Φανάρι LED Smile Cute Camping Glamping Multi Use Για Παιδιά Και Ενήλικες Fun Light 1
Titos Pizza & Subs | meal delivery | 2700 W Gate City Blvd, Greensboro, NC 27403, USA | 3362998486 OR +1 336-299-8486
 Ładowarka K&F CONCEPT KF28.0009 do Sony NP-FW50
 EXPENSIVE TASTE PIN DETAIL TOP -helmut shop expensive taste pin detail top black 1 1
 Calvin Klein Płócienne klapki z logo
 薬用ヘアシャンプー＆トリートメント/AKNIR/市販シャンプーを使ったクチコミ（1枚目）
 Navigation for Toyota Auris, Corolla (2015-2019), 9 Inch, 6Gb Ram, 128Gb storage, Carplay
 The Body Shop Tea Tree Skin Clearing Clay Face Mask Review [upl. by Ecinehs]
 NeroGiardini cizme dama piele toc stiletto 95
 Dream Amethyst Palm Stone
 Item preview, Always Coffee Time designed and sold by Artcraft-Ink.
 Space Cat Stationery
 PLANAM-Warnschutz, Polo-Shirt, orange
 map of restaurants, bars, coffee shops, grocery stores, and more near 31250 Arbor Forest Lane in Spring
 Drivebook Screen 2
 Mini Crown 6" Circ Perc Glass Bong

☆ ☆ ☆ ☆ ☆

> **Exercise**
Word for word, write out each entry shown above.

> **Task response**
Φανάρι LED Smile Cute Camping Glamping Multi Use Για Παιδιά Και Ενήλικες Fun Light 1
Titos Pizza & Subs | meal delivery | 2700 W Gate City Blvd, Greensboro, NC 27403, USA | 3362998486 OR +1 336-299-8486
 Ładowarka K&F CONCEPT KF28.0009 do Sony NP-FW50
 EXPENSIVE TASTE PIN DETAIL TOP -helmut shop expensive taste pin detail top black 1 1
 Calvin Klein Płócienne klapki z logo
 薬用ヘアシャンプー＆トリートメント/AKNIR/市販シャンプーを使ったクチコミ（1枚目）
 Navigation for Toyota Auris, Corolla (2015-2019), 9 Inch, 6Gb Ram, 128Gb storage, Carplay
 The Body Shop Tea Tree Skin Clearing Clay Face Mask Review [upl. by Ecinehs]
 NeroGiardini cizme dama piele toc stiletto 95
 Dream Amethyst Palm Stone
 Item preview, Always Coffee Time designed and sold by Artcraft-Ink.
 Space Cat Stationery
 PLANAM-Warnschutz, Polo-Shirt, orange
 map of restaurants, bars, coffee shops, grocery stores, and more near 31250 Arbor Forest Lane in Spring
 Drivebook Screen 2
 Mini Crown 6" Circ Perc Glass Bong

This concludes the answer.